Tune Elasticsearch to process thousands of simultaneous searches

I have a question about Elastic Cloud deployments. I created a 3-zone 32 CPU compute-optimized deployment on GCP with just Elasticsearch (hot data nodes and coordinating nodes only) and Kibana enabled, and loaded, using Apache Spark, a large relational dataset of 50+ million records that I want to run queries on. The dataset is comprised of strings and an integer field.

I have another relational dataset (7 million records) that I want to compare against the first one. So, I am again using Apache Spark (160 threads) and each one is sending a msearch request to try to reduce roundtrips. Each request is sending a batch of 30 queries like the following:

{
    "query": {
        "bool": {
            "should": [
                {"match": {"col1": {"query": "mystr", "fuzziness": "AUTO"}}},
                {"match": {"col2": {"query": "otherstr", "fuzziness": "AUTO"}}},
                {"match": {"col3": {"query": "onelaststr", "fuzziness": "AUTO"}}},
                {"range": {"numericstr": {"from": n, "to": m}}}
            ],
            "minimum_should_match": 0
        }
    },
    "sort": {"_score": "desc"},
    "size": 10
}

As expected, the deployment's CPU reaches100% immediately after the job starts and I get these response errors:

{'error': {'root_cause': [{'type': 'es_rejected_execution_exception', 'reason': 'rejected execution of TimedRunnable{original=ActionRunnable#wrap[org.elasticsearch.search.SearchService ...  org.elasticsearch.common.util.concurrent.EWMATrackingEsThreadPoolExecutor@492e9e87[Running, pool size = 49, active threads = 49, queued tasks = 1000, completed tasks = 18281]

Are there some guidelines to fine tune in this case? I'm fine with reducing the number of threads and/or decreasing the amount of requests in a msearch batch, I just want to find the right balance between execution time and price. Any help is appreciated

Thanks

Hi @aldoorozco Welcome to the community and thanks for trying elastic cloud

So this is without much analysis...

This may seem odd but if you are using the gcp.es.datahot.n2.68x32x45 which I think you are... I might not use coordinators they may actually be slowing you down... (long conversation but I would try without coordinators)

Then take another look...

Hi @stephenb. Thanks. Glad to be here.

I just tried that and I'm getting pretty much the same result, unfortunately.

I was curious, though. I tried both bumping the instances to 64 CPU and even enabled autoscaling, but nothing seems to truly make any difference. By looking at the charts, it seems like requests are only being routed to 2 nodes actually, and the rest of them are just there idle. I am using the elasticsearch python client with the cloud ID, so I assume that something in Elastic Cloud should load balance to the proper nodes and increase the capacity. Is that the case?

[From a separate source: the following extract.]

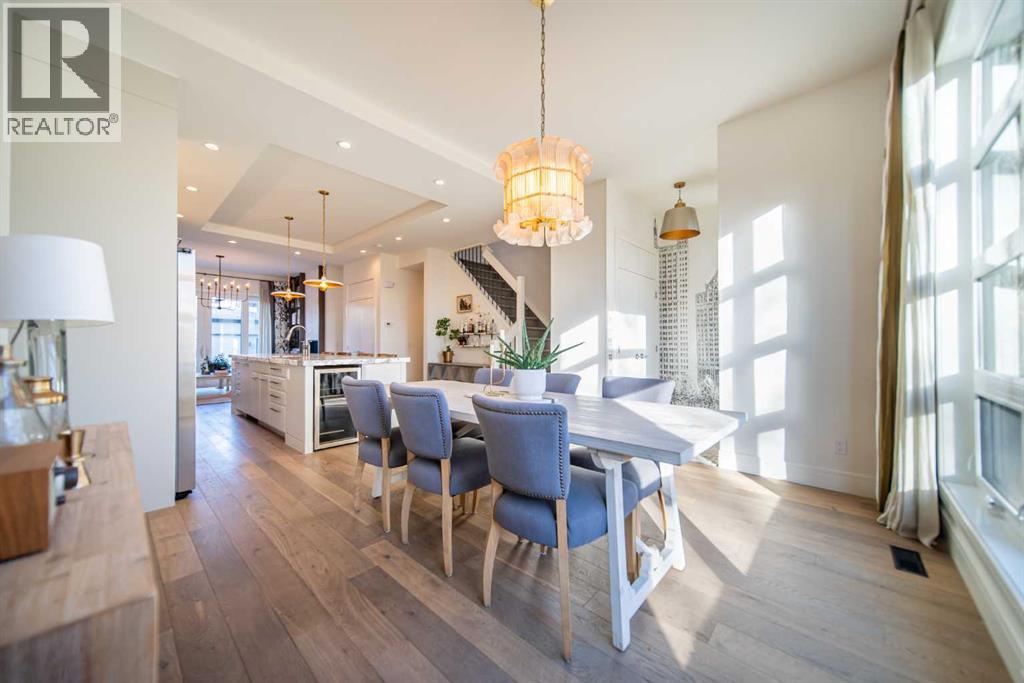 Single Family House for Sale in   Street SW Glenbrook Calgary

If you had any other suggestions, I would love to hear them :pray:

Thanks!

Ok but probably good to reduce the variables...

How many primary and replica shards?

You could try to increase the primary shards which should give you more parallelism.

For example, say you have 3 nodes and this is about load try setting primary to 3 shards. This more about load parralleism

When you bump to 64 it is actually 2 x 32 Machines

If you have 6 machines try setting the primary shards to the number of nodes.

If this is on the search side only you can also try increasing the replicas to 2 or 3 to increase search throughput (tradeoffs on loading)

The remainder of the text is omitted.